We have had a two storey extension built on the rear of our semi-detached house. We decided to have a vaulted ceiling on the first floor and on the single storey part of the ground floor. This was to be supported by a king oak truss on each area.
When we had the structural drawings I forwarded these to a few oak frame companies and got quotes. On advice of the builder we went with somebody relatively local, as if there was any issues they would be able to attend and sort it themselves. The oak frame company advised us in July that if we wanted the trusses from September onwards we would have to make a payment for the timber then as all the sawmills in France shut in August, so I forwarded the payment.
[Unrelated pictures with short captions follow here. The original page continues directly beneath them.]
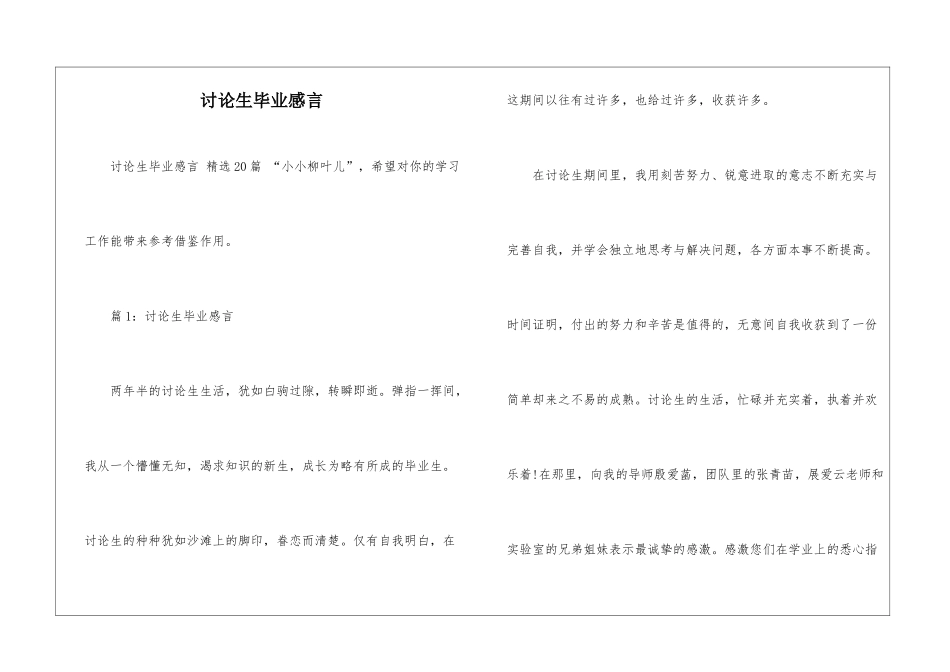 研究生毕业感言-_第1页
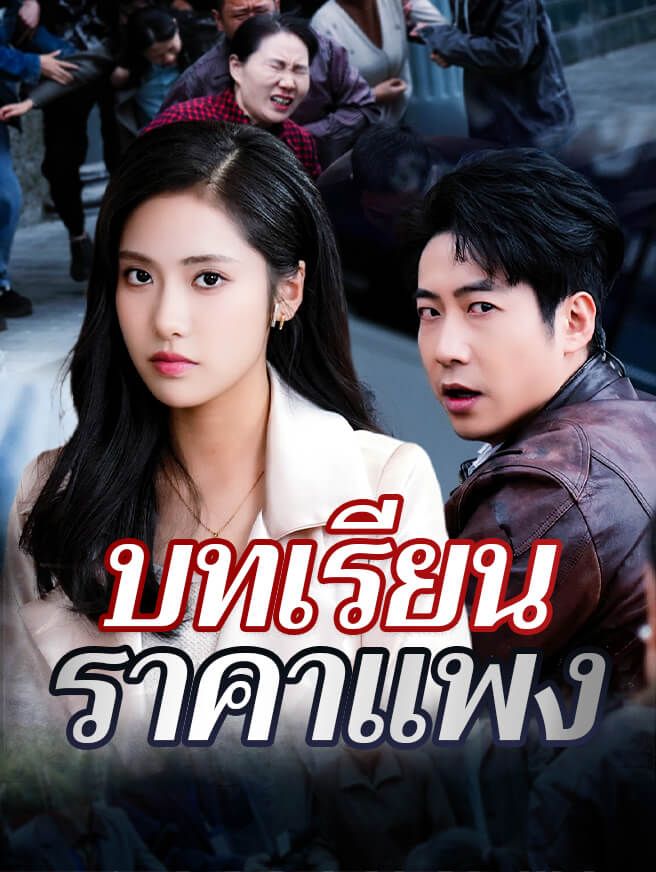 Poster บทเรียนราคาแพง
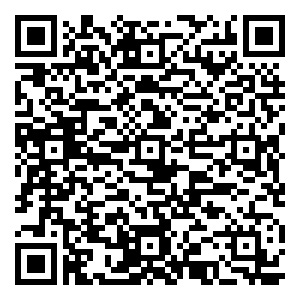 微信Abtei呼朋唤友砍价免费拿小程序游戏二维码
Building commenced in August then in September I was contacted by the truss company to say the trusses had been built and were ready for collection. At this stage the foundations had just been poured and no walls had been put up. I was very surprised he had made them without having the exact dimensions and made them off the structural drawings which was very risky. Luckily the ground floor fitted with a little fettling. However the first floor trusses made the ridge of the roof too high and needed adjustment to the point it needed sinking into the wall and a lot of adjustment to the point it does not run parallel with the rafters. This also meant the exterior decorative trusses also made by the oak frame company could not be used on the outside, with the builders having to build one that fitted correctly.
We paid the oak frame company to fit the trusses, but unfortunately paid £600 cash on the morning of the fitting then went to work. We later learned they only assembled the trusses, then left saying the rest of the work was the builder's job - which is not really the definition of 'fitting' to me. So this created additional charges from our builder.
On approaching the oak frame company they have just stated they can not be held responsible for the mistakes of others shifting the blame either onto the architects or builders for not building to the exact dimensions on the plans. But in my mind the trusses should not have been built until the walls were up and the ridge height was known. Once the trusses were built he was obviously demanding more money for the completed trusses which I didn't pay until on site but as they were not assembled it was impossible to know they were not the correct size.
Where do I stand on claiming the cost of the unused exterior trusses that could not be used and the additional cost incurred for trying to make the trusses fit? To make matters worse it is apparent that the ground floor truss has woodworm two years on, so obviously had it when supplied.